» **PROBLEM TO WORK ON**: Locate "DOUBLE PEDESTAL WOOD" in the records below, then copy its line and every following line exactly, without the pictures.

[Short web captions]
□ □ □ □ □
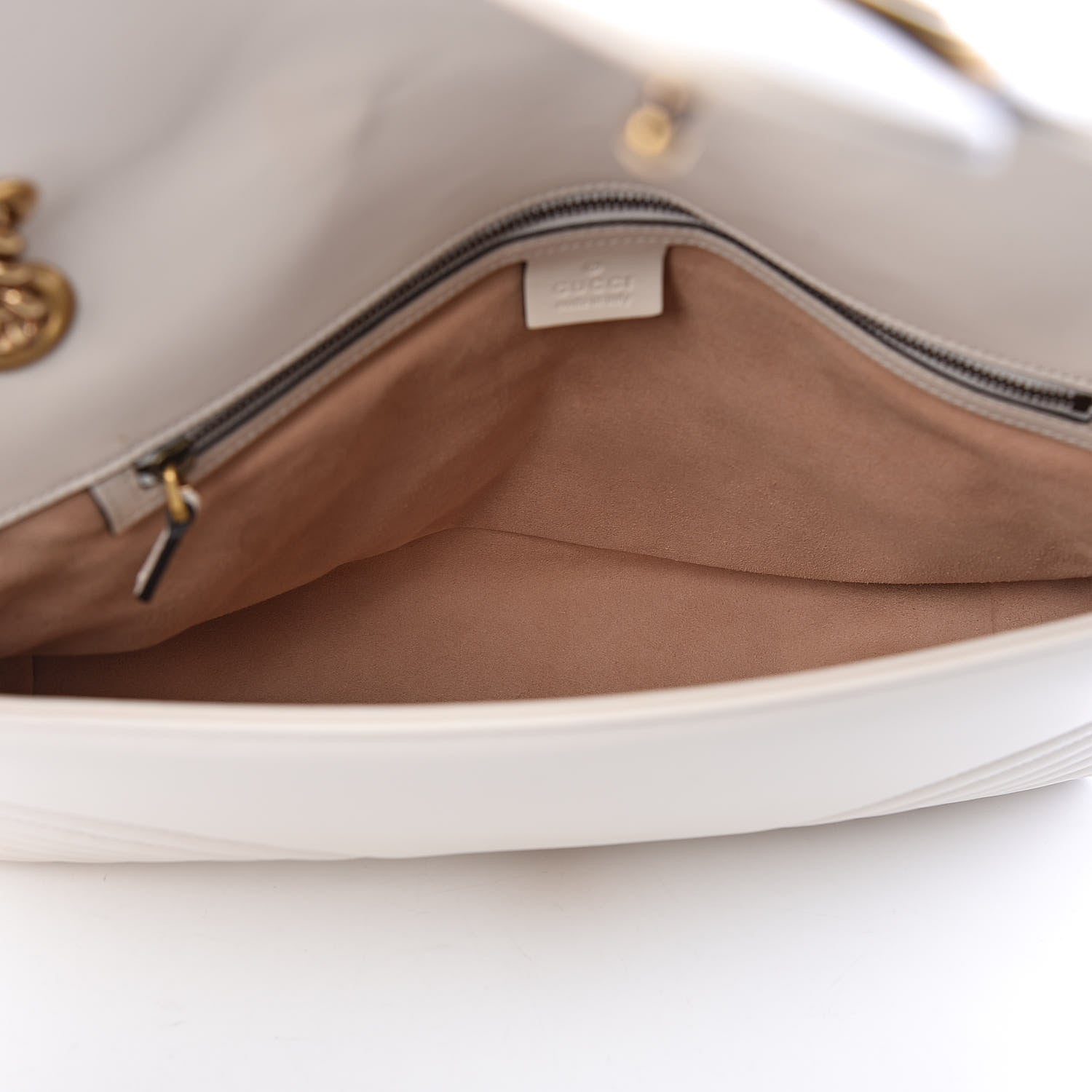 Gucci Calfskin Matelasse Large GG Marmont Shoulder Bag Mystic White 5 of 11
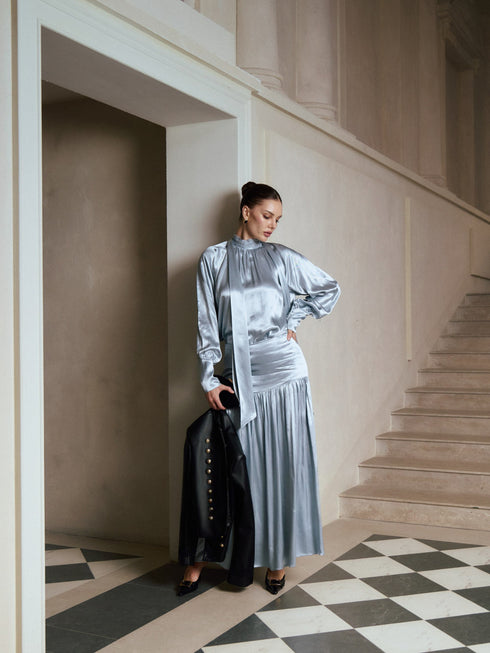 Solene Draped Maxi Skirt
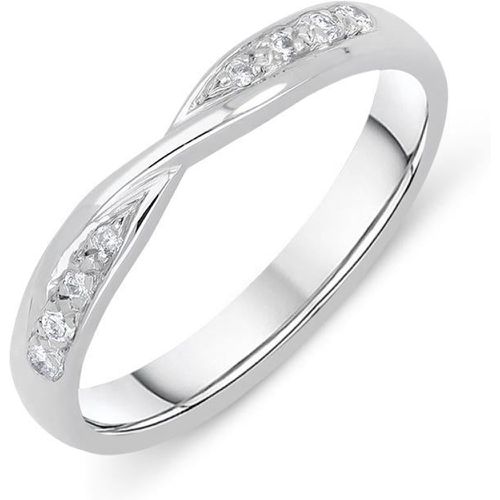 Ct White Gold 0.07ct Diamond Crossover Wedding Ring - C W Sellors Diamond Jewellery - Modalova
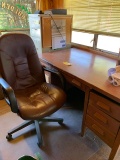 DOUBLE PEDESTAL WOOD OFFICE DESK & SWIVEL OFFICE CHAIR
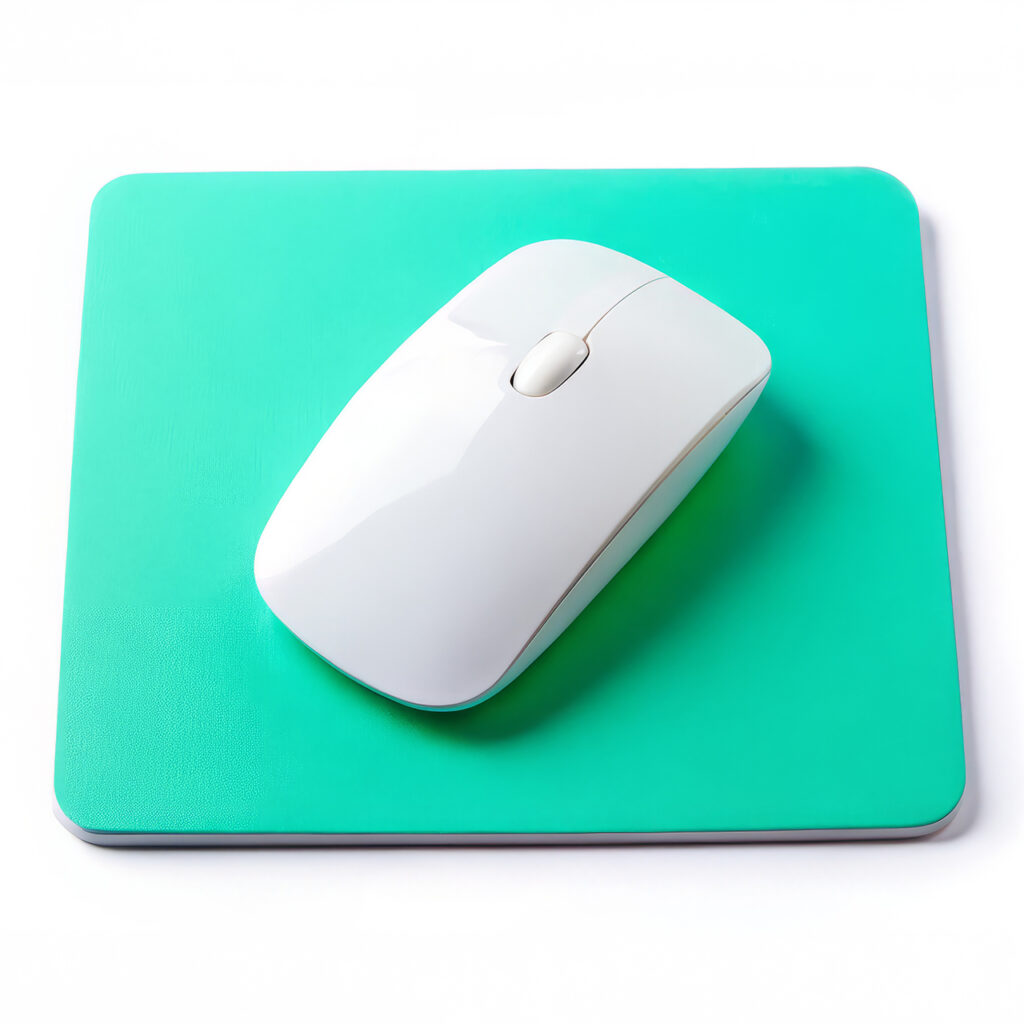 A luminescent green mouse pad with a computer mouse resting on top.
□ □ □ □ □
» **WRITTEN SOLUTION**:
 DOUBLE PEDESTAL WOOD OFFICE DESK & SWIVEL OFFICE CHAIR
 A luminescent green mouse pad with a computer mouse resting on top.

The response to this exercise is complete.